Go, go, go, said the bird: human kind
Cannot bear very much reality.
Time past and time future
What might have been and what has been
Point to one end, which is always present.
(From BURNT NORTON, No. 1 of 'Four Quartets', by T.S. Eliot)
In my beginning is my end.
I said to my soul, be still, and wait without hope
For hope would be hope for the wrong thing; wait without love,
For love would be love of the wrong thing; there is yet faith
But the faith and the love and the hope are all in the waiting.
Wait without thought, for you are not ready for thought:
So the darkness shall be the light, and the stillness the dancing.
Love is most nearly itself
When here and now cease to matter.
Old men ought to be explorers
Here or there does not matter
We must be still and still moving
Into another intensity
For a further union, a deeper communion
Through the dark cold and the empty desolation,
The wave cry, the wind cry, the vast waters
Of the petrel and the porpoise. In my end is my beginning.
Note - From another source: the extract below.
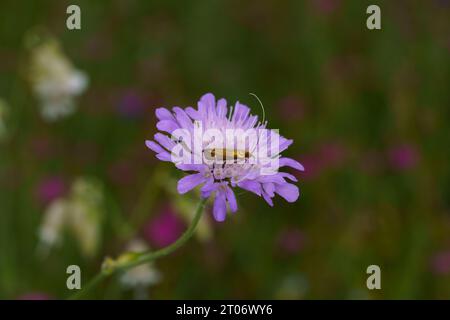 Nemophora metallica Familie Adelidae Gattung Nemophora Messing Langhorn Motte wilde Natur Insekten Fotografie, Bild, Tapete Stockfoto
(From EAST COKER, No. 2 of 'Four Quartets', by T.S. Eliot)
There are three conditions which often look alike
Yet differ completely, flourish in the same hedgerow:
Attachment to self and to things and to persons, detachment
From self and from things and from persons; and, growing between them, indifference
Which resembles the others as death resembles life,
Being between two lives—unflowering, between
The live and the dead nettle. This is the use of memory:
For liberation—not less of love but expanding
Of love beyond desire, and so liberation
From the future as well as the past.
(From LITTLE GIDDING, No. 4 of 'Four Quartets', by T.S. Eliot)
I just read that T.S. Eliot "dabbled in Buddhism and studied Sanskrit and was a student of G. I. Gurdjieff."